■ **WHAT IS REQUIRED**
Find the line with "В Котельниче фура с прицепом въехала в мост" in the data below. Repeat it and every line after it up to the end, exactly, but drop the pictures.

■ **COLLECTED MATERIAL**
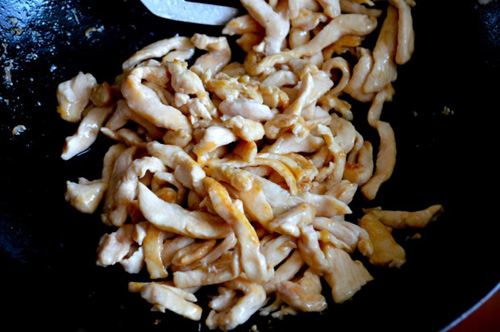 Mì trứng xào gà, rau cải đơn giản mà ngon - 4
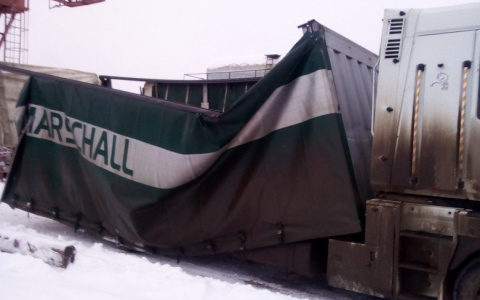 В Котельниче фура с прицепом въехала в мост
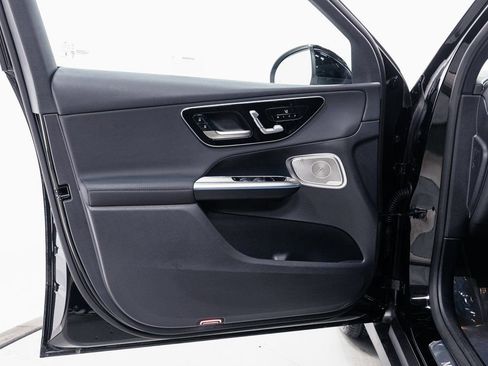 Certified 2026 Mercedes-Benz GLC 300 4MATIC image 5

■ **SOLUTION FOR THIS TASK**
 В Котельниче фура с прицепом въехала в мост
 Certified 2026 Mercedes-Benz GLC 300 4MATIC image 5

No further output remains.